L'ordonnance de clôture est intervenue le 13 septembre 2023 en vue d'une audience le 23 novembre 2023.
A la suite de l'audience, par message électronique du 23 novembre 2023, la cour, constatant que la déclaration d'appel et les conclusions ont été signifiées à la société au [Adresse 4] à [Localité 6], différente de celle située à [Localité 5] mentionnée dans le jugement et la déclaration d'appel, et que l'immatriculation au RCS est différente, a interrogé le conseil du salarié sur la situation actuelle de la société Air hygiène power semblant désormais immatriculée au RCS de Reims et non plus de Lille à la suite d'un changement d'adresse, et comme étant placée en liquidation judiciaire.

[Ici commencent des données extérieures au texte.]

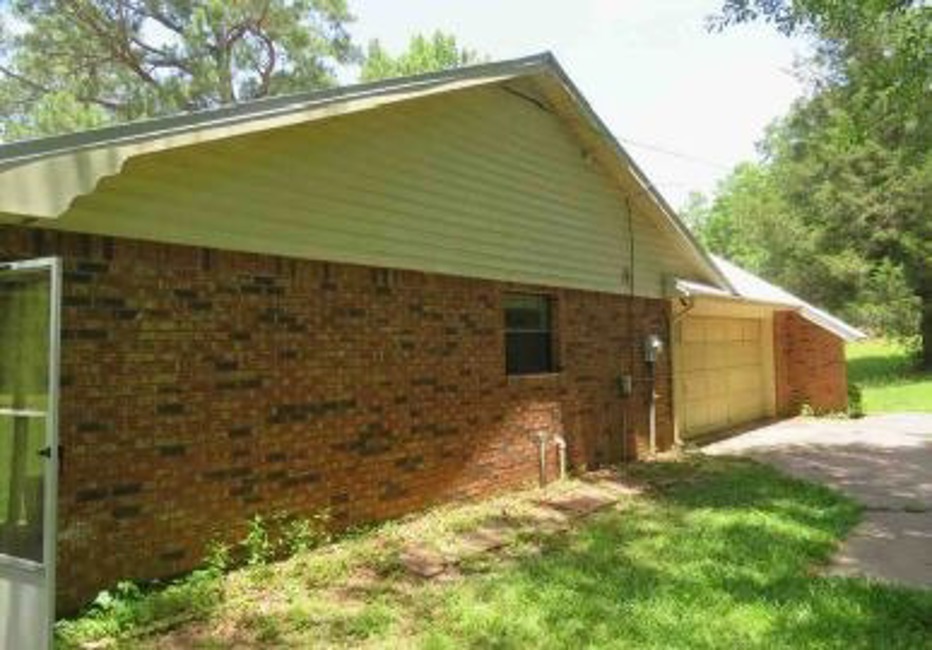 2nd Chance Foreclosure - Reported Vacant, 784 Georgetown St, Hazlehurst, MS 39083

Par message en réponse du 29 novembre suivant, le conseil du salarié a, confirmant ainsi que la société fait l'objet d'une liquidation judiciaire, sollicité un renvoi lointain afin de permettre la mise en cause des organes de la procédure collective et de l'AGS.
MOTIFS DE LA DECISION:
Selon l'article L.625-3 du code de commerce, les instances en cours devant la juridiction prud'homale à la date du jugement d'ouverture sont poursuivies. Elles ne sont ni suspendues ni interrompues par l'ouverture de la procédure collective.
Bien que l'instance prud'homale ne soit pas interrompue, l'article L.622-21 du code de commerce, applicable à cette instance, interdit qu'elle puisse tendre à la condamnation du débiteur au paiement d'une somme d'argent.
En cours d'appel, par jugement du 7 mars 2023, le tribunal de commerce de Reims a prononcé l'ouverture d'une procédure de liquidation judiciaire concernant la société intimée désormais immatriculée au registre du commerce et des sociétés de Reims et domiciliée au [Adresse 4] à [Localité 6] à la suite d'un transfert du registre lillois fin septembre 2022.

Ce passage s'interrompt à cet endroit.